Intelligent. Bright. Perceptive. Hard to fool.
He felt a profound wish that a dragon might show up. Frightening, taloned, clawed, scaled, to be sure. But probably not very bright, and certainly not able to read his mind. Well. Read his limbic system. Being honest, there wasn’t all that much “mind” involved.
“Besides,” Ruth continued, “you’ll need somebody on Ganny’s ship who’s a computer and communications whiz. Anton, you can’t be two places at once. If things do go into the crapper, probably the only chance you’ll have of getting out is if somebody in the backup getaway ship can substitute for your skills manipulating God-knows-what in the way of Mesan security systems. ‘Cause you’re not likely to have time to do it, what with all the guns blazing in the getaway and probably having not much more than a tin can and some wires to worth with even if you did. Have enough time, that is.”
Now, she flashed that same quick smile at Uncle Andrew. “Meaning no offense.”
“None taken,” he said, smiling back. “I’m a whiz with anything mechanical or electrical, and I’m even pretty good with computer hardware. But that’s about it.”
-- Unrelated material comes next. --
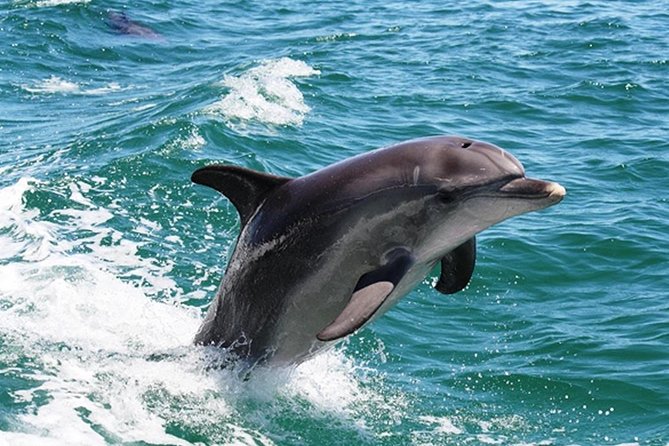 Half-Day Mandurah Canals  Dolphin Watch Tour - Accommodation Kalgoorlie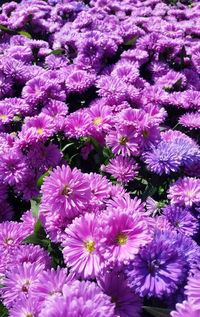 Full frame of purple flowers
Ruth looked back at Cachat and Zilwicki, triumphantly. “So there. It’s all settled.”
“I’m for it,” said Ganny forcefully. “In fact, I’m making it a condition. Either the princess comes with us, or the deal’s off. I could give you all sorts of reasons for that, but the only really important one is that I’m getting even with you for playing tricks on my boys.” She gave Brice and his friends a look that could best be described as disgusted. “Taking advantage of their stunted forebrains! Ed, put your tongue back in your mouth. You too, James.”
She said nothing to Brice. He felt very suave, although he’d have to double-check the dictionary to make sure the word meant what he thought it meant. Now that Princess Ruth was coming along, he had a feeling he wasn’t going to get away with his usual vocabulary habits. Use any long and/or fancy-sounding word you want, serene in the knowledge that your dummy cousins won’t know if you got it wrong.
Didn’t matter. What he was already thinking of as The Great Adventure would probably be better with a smart princess along. Even if such a fantastical creature was completely absent from the classics.